Now, don’t get me wrong, she could sell an insane tear-jerking Grey’s moment better than almost anyone else on that show. To this day, Dr. Izzie remains the realest shit Shonda Rhimes ever wrote, even if she went out like a ball of crazy. She provided moments of calm in the “always doing a bit” mania of Knocked Up — and I actually think later Judd Apatow movies would have been better off with more people like her and fewer people like Seth Rogen. In her starring vehicles, Heigl played a convincing idealist in Dresses among the real-talk twins, Judy Greer and Krysten Ritter. And even though it’s a pretty stupid movie, she held her own against Gerard Butler’s “LOL misogyny” pundit in The Ugly Truth.

Despite the above, the reason I like Heigl, and the reason she was not long for this rom-com world, and maybe even the reason why you could make a case for her being the last great rom-com star, is that she broadcasts something so rare in these kinds of flicks. It’s just barely there, but you can see it in the way she looks at Rogen, Butler, Ed Burns, Malin Akerman, and James Marsden. It’s a look, a feeling that says, “This shit is beneath me.”

Because let’s be honest: The scenarios of most of these movies should be beneath most people! Some jack-wagon gets you pregnant but wants to maintain his suspended boyhood instead of stepping up to the plate? Some throat-cutting newspaper writer wants to follow you around and do an article about you attending a lot of weddings? You have to work with Gerard Butler? All this stuff would be pretty insulting to deal with. They say there always needs to be a character in a movie that represents the audience, and I agree. Heigl’s contempt for her material may have been what undid her career, but it’s also the thing I like most about her.

After The Ugly Truth, her career has kind of swerved, and now she’s playing a sanitized Carrie Mathison in State of Affairs. She wanted to be Erin Brockovich, but she didn’t want to have to play Julianne Potter five times to get there. “I love romantic comedies,” she said recently. “But maybe I hit it a little too hard. I couldn’t say no. I stopped challenging myself.
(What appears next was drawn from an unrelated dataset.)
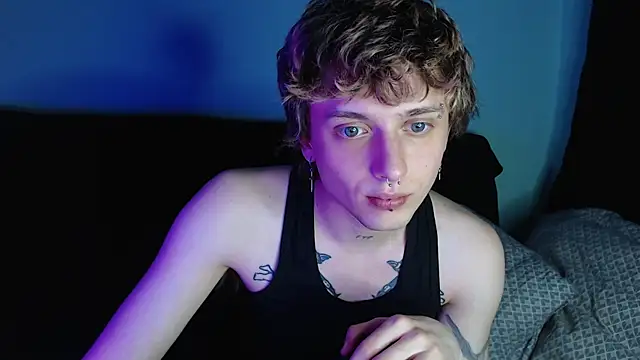 axxxturel online show from March 2025 01:59:01 AM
It became a bit by rote and, as a creative person, that can wear you down.”

To paraphrase Charlize Theron in Prometheus, a queen has her reign, and then she dies. It’s inevitable. Katherine Heigl was never going to let it get to that point.


Challenger: Colin Firth

Louisa Thomas: Colin Firth is a stuttering prince, a cuckold, a cad. He is a grieving gay professor. He is “a sad-eyed British artist holed up in a rundown hotel in small-town Vermont after being dumped by his fiancée.” He is Amanda Bynes’s father. He is a singer in a spiked collar. But at the end of the day, it is a truth universally acknowledged that Colin Firth is Mr. Darcy.

You may object to Mr. Darcy’s inclusion in the Rom-Com Hall of Fame. You may protest that the BBC adaptation of Pride and Prejudice is not a romantic comedy. You may be right! Jane Austen’s novel, after all, was a satire published in 1813, and the 1995 BBC series ran for nearly six hours. And yet. Our claim is based on four minutes out of those six hours, a scene that did not appear in the book: Mr. Darcy strips off his jacket, dives into a murky pond, breaststrokes through some weeds, and then, after striding across his estate, wet and rakish, comes upon Elizabeth Bennet (Jennifer Ehle), who has already fallen in love with his massive house. He stumbles awkwardly, charmingly, through pleasantries. “Oh yes of course,” he half-says, half-swallows, and millions of hearts respond, Oh yes of course. He is so British. So aristocratic, arrogant, vulnerable, witty, and deeply, deeply repressed. So handsome, in an almost comically exaggerated way: the melting soft eyes, the pronounced chin, the broad shoulders, the raffish hair. In his britches and muttonchops, he is the landed gentry as drawn by Disney. The pond scene became so iconic that it became bigger than itself. Last year, the moment in which Mr. Darcy emerges from the water was voted “the most memorable moment in British TV drama.” The catch: He is never shown emerging from the lake. The most memorable moment in British TV drama never happened. But memories create what memories desire. A romantic comedy was born.

“Just nipped out for fags prior to getting changed ready for BBC Pride and Prejudice,” the Mr. Darcy–obsessed Bridget Jones writes in her diary in Helen Fielding’s best-selling novel Bridget Jones’s Diary. “Hard to believe there are so many cars out on the roads. Shouldn’t they be at home getting ready?” In the movie version and its sequel (Bridget Jones: The Edge of Reason), Colin Firth ingeniously plays Mark Darcy, who happens to be the misunderstood-but-inevitably-true love of Bridget Jones (Renée Zellweger). Hugh Grant also stars. Romantic-comedy bingo!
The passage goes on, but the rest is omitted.